Assessing the neuronal serotonergic target-based antidepressant stratagem: impact of in vivo interaction studies and knockout models

Abstract

Depression remains a challenge in the field of affective neuroscience, despite a steady research progress. Six out of nine basic antidepressant mechanisms rely on serotonin neurotransmitter system. Preclinical studies have demonstrated the significance of serotonin receptors (5-HT(1-3,6,7)), its signal transduction pathways and classical down stream targets (including neurotrophins, neurokinins, other peptides and their receptors) in antidepressant drug action. Serotonergic control of depression embraces the recent molecular requirements such as influence on proliferation, neurogenesis, plasticity, synaptic (re)modeling and transmission in the central nervous system. The present progress report analyses the credibility of each protein as therapeutically relevant target of depression. In vivo interaction studies and knockout models which identified these targets are foreseen to unearth new ligands and help them transform to drug candidates. The importance of the antidepressant assay selection at the preclinical level using salient animal models/assay systems is discussed. Such test batteries would definitely provide antidepressants with faster onset, efficacy in resistant (and co-morbid) types and with least adverse effects. Apart from the selective ligands, only those molecules which bring an overall harmony, by virtue of their affinities to various receptor subtypes, could qualify as effective antidepressants. Synchronised modulation of various serotonergic sub-pathways is the basis for a unique and balanced antidepressant profile, as that of fluoxetine (most exploited antidepressant) and such a profile may be considered as a template for the upcoming antidepressants. In conclusion, 5-HT based multi-targeted antidepressant drug discovery supported by in vivo interaction studies and knockout models is advocated as a strategy to provide classic molecules for clinical trials.
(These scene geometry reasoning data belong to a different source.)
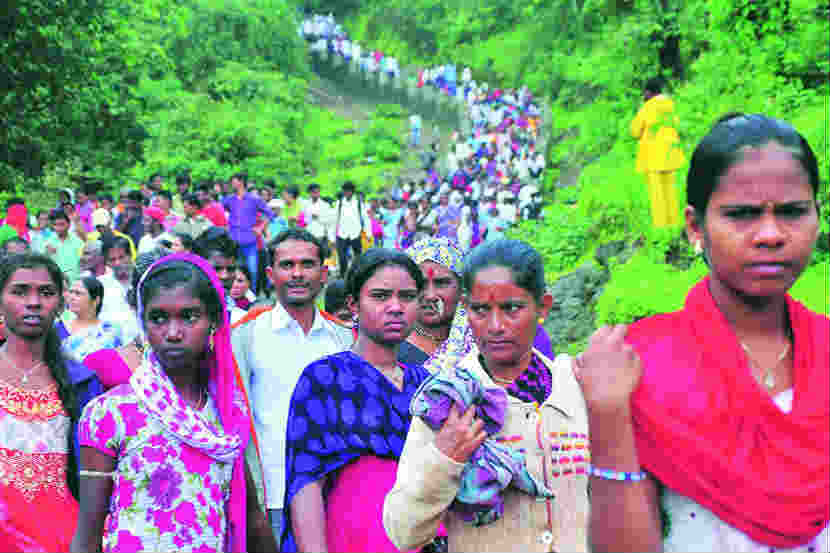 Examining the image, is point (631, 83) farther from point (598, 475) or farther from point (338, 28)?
point (338, 28)

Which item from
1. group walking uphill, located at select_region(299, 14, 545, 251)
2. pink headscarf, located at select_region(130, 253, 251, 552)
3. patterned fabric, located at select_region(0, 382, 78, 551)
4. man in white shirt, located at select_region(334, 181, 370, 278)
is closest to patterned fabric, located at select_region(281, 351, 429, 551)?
pink headscarf, located at select_region(130, 253, 251, 552)

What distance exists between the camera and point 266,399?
15.1 feet

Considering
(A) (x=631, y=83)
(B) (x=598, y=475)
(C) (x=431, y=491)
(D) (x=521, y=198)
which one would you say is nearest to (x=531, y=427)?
(C) (x=431, y=491)

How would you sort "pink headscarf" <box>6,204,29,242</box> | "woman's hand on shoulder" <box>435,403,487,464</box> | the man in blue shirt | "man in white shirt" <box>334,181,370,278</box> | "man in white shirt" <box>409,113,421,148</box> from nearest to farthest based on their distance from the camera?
"woman's hand on shoulder" <box>435,403,487,464</box>, "pink headscarf" <box>6,204,29,242</box>, the man in blue shirt, "man in white shirt" <box>334,181,370,278</box>, "man in white shirt" <box>409,113,421,148</box>

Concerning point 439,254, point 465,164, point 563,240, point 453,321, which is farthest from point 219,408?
point 465,164

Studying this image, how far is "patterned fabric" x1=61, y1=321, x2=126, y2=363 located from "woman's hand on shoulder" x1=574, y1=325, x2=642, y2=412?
410 cm

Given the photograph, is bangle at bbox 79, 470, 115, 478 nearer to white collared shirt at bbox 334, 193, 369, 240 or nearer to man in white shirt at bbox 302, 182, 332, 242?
white collared shirt at bbox 334, 193, 369, 240

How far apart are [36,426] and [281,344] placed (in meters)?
1.23

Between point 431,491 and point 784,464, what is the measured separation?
891mm

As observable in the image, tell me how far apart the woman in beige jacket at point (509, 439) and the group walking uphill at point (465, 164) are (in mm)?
9744

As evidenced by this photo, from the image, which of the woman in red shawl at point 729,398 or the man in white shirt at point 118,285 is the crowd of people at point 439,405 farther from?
the man in white shirt at point 118,285

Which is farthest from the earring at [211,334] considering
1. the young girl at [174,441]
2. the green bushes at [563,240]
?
the green bushes at [563,240]

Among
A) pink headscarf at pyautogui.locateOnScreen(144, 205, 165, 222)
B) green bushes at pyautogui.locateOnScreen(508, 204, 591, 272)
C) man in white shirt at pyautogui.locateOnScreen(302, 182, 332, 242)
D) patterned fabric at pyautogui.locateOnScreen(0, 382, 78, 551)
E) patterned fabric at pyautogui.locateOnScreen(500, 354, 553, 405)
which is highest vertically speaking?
man in white shirt at pyautogui.locateOnScreen(302, 182, 332, 242)

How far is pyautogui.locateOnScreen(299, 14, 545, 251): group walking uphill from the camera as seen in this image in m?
20.7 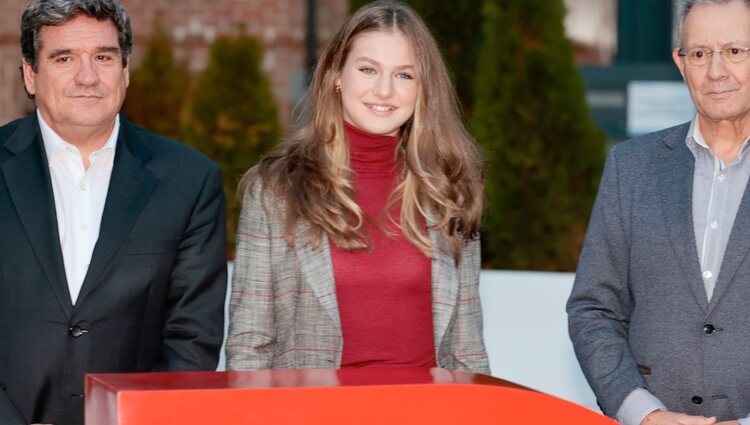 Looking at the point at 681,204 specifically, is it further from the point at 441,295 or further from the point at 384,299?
the point at 384,299

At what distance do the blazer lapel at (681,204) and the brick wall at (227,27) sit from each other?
6.28 meters

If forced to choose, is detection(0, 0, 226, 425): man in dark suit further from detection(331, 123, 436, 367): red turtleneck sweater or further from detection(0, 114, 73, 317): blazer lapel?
detection(331, 123, 436, 367): red turtleneck sweater

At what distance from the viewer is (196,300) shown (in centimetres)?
334

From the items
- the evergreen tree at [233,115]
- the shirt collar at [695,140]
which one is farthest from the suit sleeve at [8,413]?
the evergreen tree at [233,115]

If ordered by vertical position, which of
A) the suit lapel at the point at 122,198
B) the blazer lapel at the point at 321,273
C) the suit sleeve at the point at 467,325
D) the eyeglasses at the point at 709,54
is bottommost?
the suit sleeve at the point at 467,325

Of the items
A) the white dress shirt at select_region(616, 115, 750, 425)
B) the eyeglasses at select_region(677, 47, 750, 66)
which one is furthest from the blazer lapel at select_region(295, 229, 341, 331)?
the eyeglasses at select_region(677, 47, 750, 66)

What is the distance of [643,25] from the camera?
9.14m

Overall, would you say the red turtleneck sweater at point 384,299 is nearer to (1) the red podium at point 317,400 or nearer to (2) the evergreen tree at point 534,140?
(1) the red podium at point 317,400

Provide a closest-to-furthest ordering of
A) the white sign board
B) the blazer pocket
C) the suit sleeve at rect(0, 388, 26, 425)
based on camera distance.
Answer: the suit sleeve at rect(0, 388, 26, 425) < the blazer pocket < the white sign board

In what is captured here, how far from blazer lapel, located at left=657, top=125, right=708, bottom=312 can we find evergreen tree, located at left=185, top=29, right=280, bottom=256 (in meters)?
4.92

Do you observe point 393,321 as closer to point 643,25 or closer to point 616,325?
point 616,325

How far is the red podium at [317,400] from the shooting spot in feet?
6.84

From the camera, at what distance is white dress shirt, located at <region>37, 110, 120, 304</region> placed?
10.6 feet

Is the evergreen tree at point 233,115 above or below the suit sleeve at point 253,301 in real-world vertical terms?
above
Keywords: Serotonin; depression; interaction studies; knockout models; preclinical screening; target.; trophic factors.

Fig. (1)

Schematic representation of different antidepressant mechanisms at the serotonergic synapse. The diagram depicts only those possible sites of action which have been associated with the molecular basis of depression till date. The SSRIs, SNRIs and SARIs inhibit 5-HT reuptake by acting on the transporter. SARIs also block the postsynaptic 5-HT₂ receptors. MAO inhibitors prevent 5-HT breakdown thereby increasing the synaptic concentrations. NaSSAs (α₂ antagonists) block postsynaptic 5-HT₂ and 5-HT₃ receptors. SREs, enhance the presynaptic 5-HT uptake and also prevent the susceptibility of 5-HT to MAO.

Fig. (2)

A simplified schematic representation of cellular events involving the neuronal metabotropic 5-HT receptors associated with depression. 5-HT_2,6,7 subtypes are post-synaptic receptors, whereas 5-HT_1A is a somatodendritic autoreceptor. To simplify the cellular events, all the receptors (somatodendritic and post-synaptic) have been depicted in a single diagram. The 5-HT_{1, 6, 7} and 5-HT₂ receptors through cAMP-PK and IP3–Ca²⁺ dependent protein kinase secondary messenger systems influence CREB. The agonists of 5-HT₆, or the antagonists of 5-HT₇ facilitate glutamate release. Increase in extracellular concentration of glutamate activates BDNF through AMPA receptors. BDNF and TrkB are target genes for CREB (transcription factor). BDNF in turn activates Arc. Altered expression of BDNF, CREB, TrkB and Arc are of potential benefit in depression. (Based on references [77] and [230]).